■ **Data provided**:
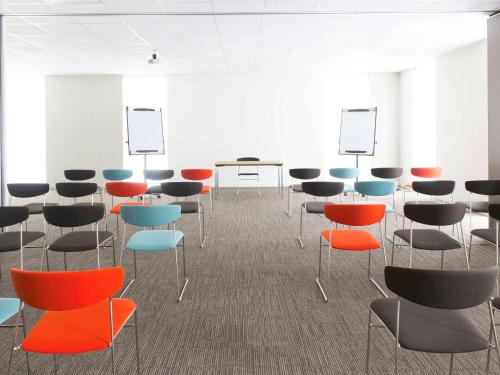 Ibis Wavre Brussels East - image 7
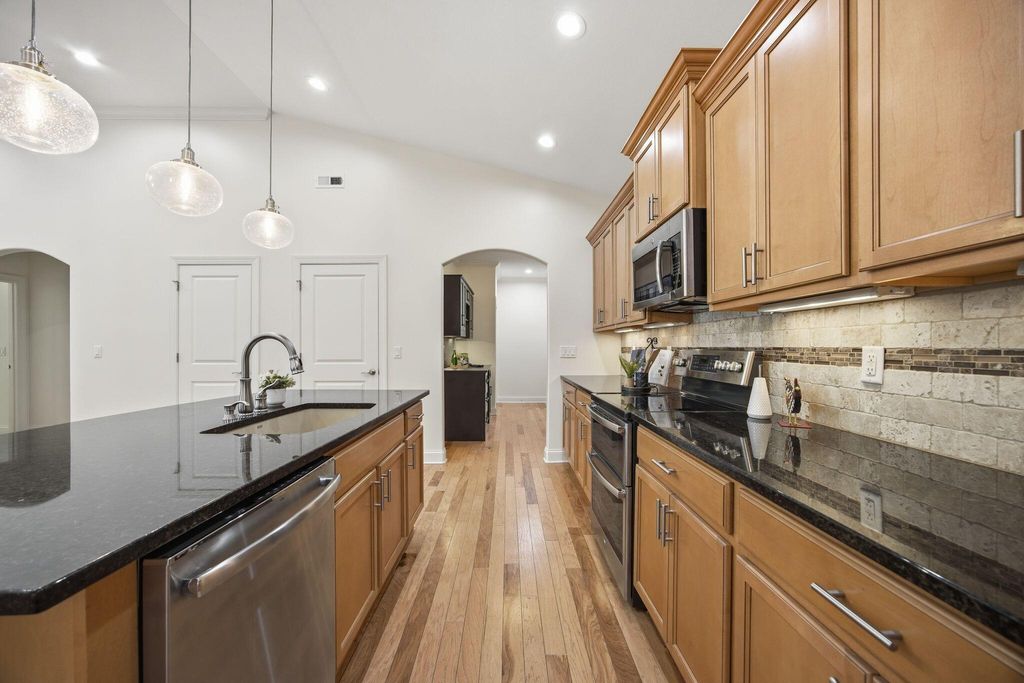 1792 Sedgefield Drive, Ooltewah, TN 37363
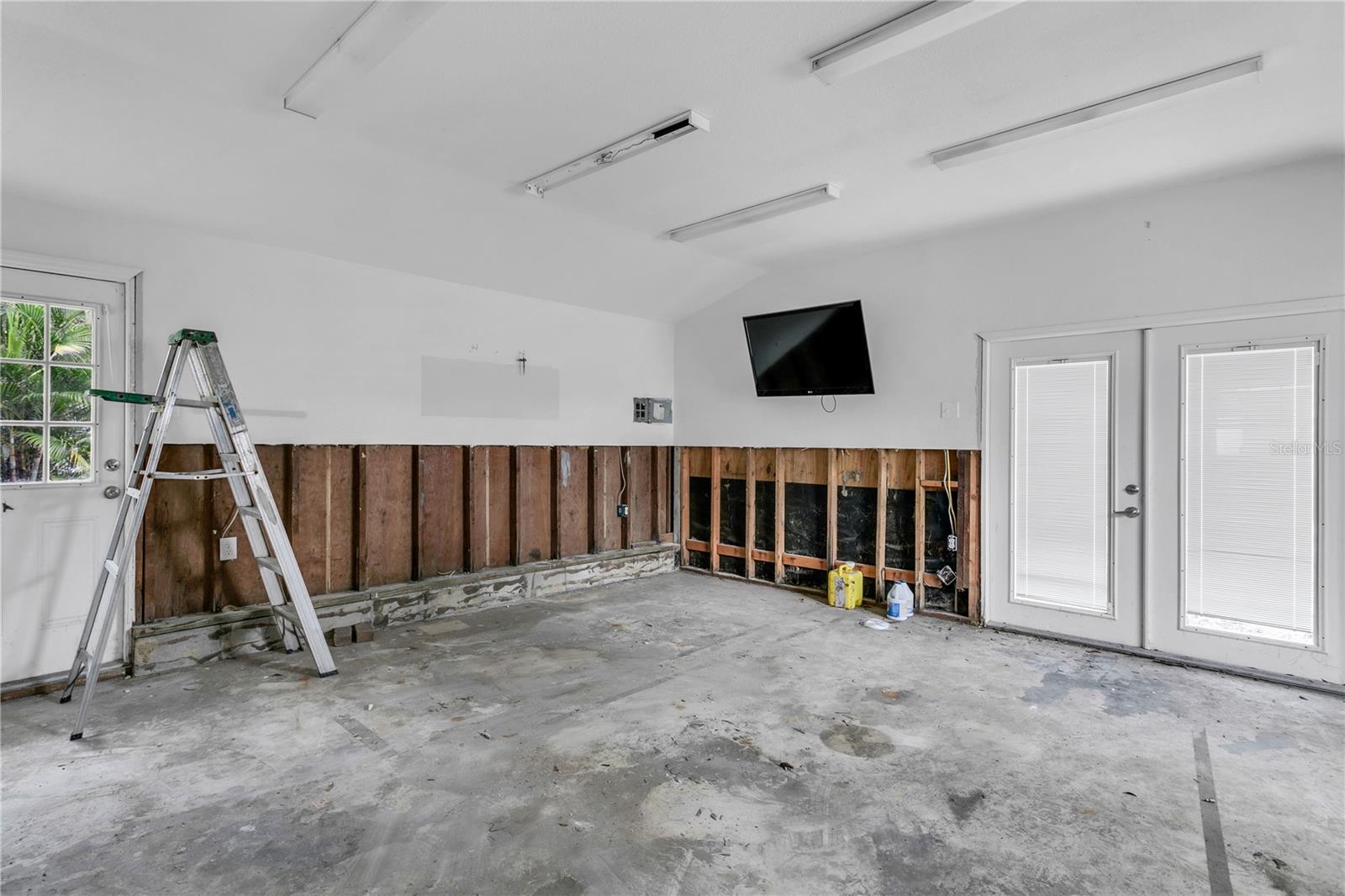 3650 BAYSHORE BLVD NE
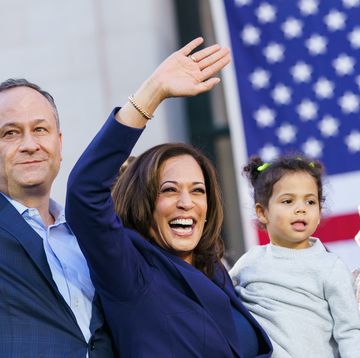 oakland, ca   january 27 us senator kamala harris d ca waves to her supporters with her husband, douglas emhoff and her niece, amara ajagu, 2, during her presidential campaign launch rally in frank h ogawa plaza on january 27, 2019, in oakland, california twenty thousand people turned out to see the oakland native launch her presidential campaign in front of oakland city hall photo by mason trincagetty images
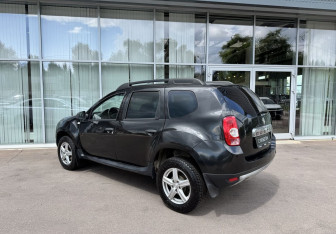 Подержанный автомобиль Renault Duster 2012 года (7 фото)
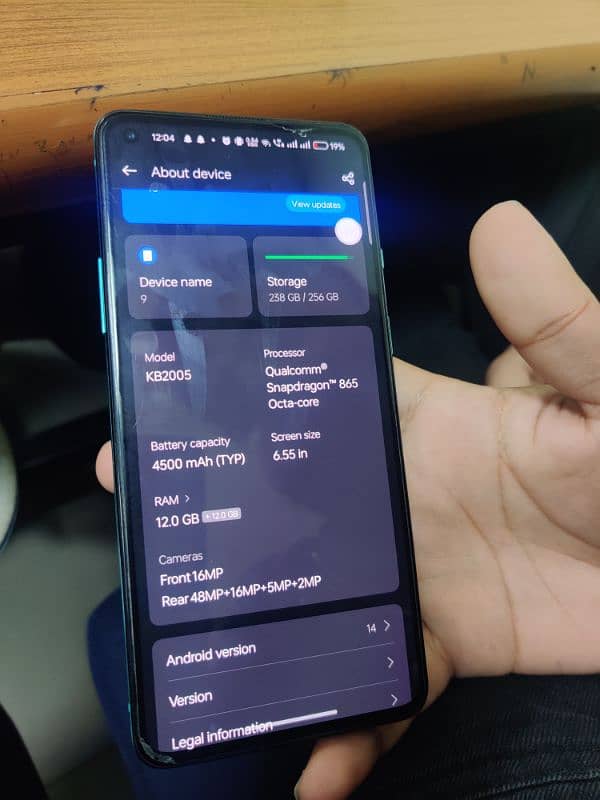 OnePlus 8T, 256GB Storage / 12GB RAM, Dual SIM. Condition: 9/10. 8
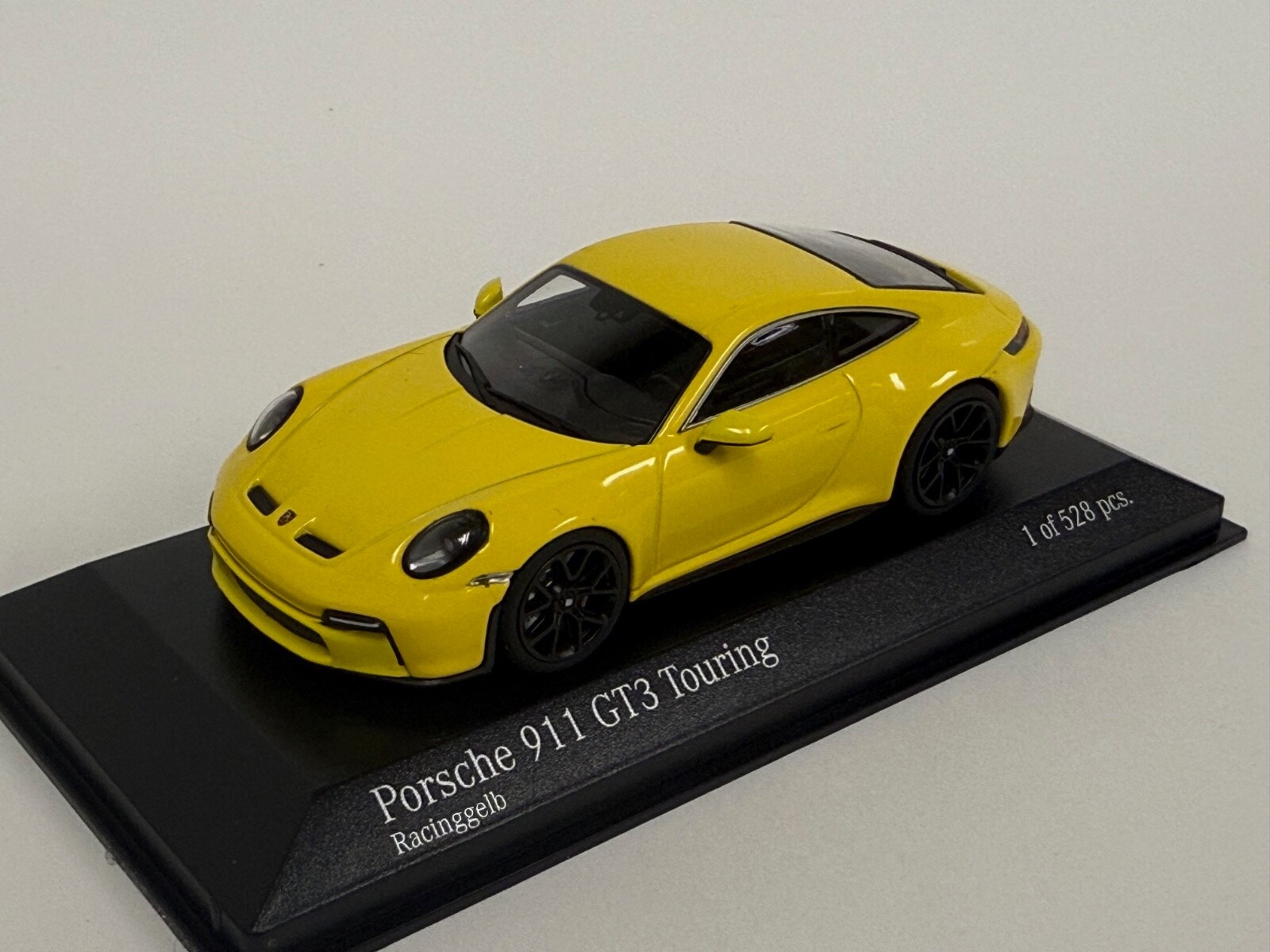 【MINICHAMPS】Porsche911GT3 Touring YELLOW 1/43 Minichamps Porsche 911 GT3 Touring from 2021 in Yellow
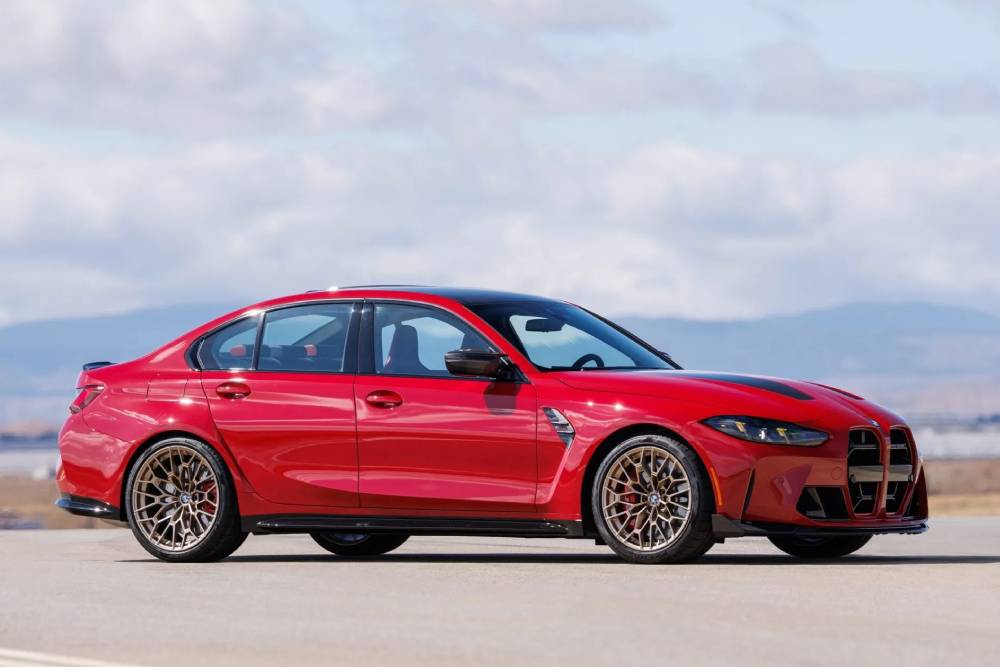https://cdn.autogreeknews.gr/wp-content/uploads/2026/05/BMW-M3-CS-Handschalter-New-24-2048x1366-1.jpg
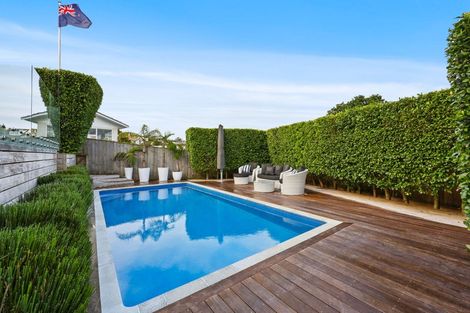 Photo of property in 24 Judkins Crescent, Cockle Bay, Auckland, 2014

■ **Work request**: The entries are to be restated word for word, and no picture should appear in the copy.

■ **Response**:
 Ibis Wavre Brussels East - image 7
 1792 Sedgefield Drive, Ooltewah, TN 37363
 3650 BAYSHORE BLVD NE
 oakland, ca   january 27 us senator kamala harris d ca waves to her supporters with her husband, douglas emhoff and her niece, amara ajagu, 2, during her presidential campaign launch rally in frank h ogawa plaza on january 27, 2019, in oakland, california twenty thousand people turned out to see the oakland native launch her presidential campaign in front of oakland city hall photo by mason trincagetty images
 Подержанный автомобиль Renault Duster 2012 года (7 фото)
 OnePlus 8T, 256GB Storage / 12GB RAM, Dual SIM. Condition: 9/10. 8
 【MINICHAMPS】Porsche911GT3 Touring YELLOW 1/43 Minichamps Porsche 911 GT3 Touring from 2021 in Yellow
https://cdn.autogreeknews.gr/wp-content/uploads/2026/05/BMW-M3-CS-Handschalter-New-24-2048x1366-1.jpg
 Photo of property in 24 Judkins Crescent, Cockle Bay, Auckland, 2014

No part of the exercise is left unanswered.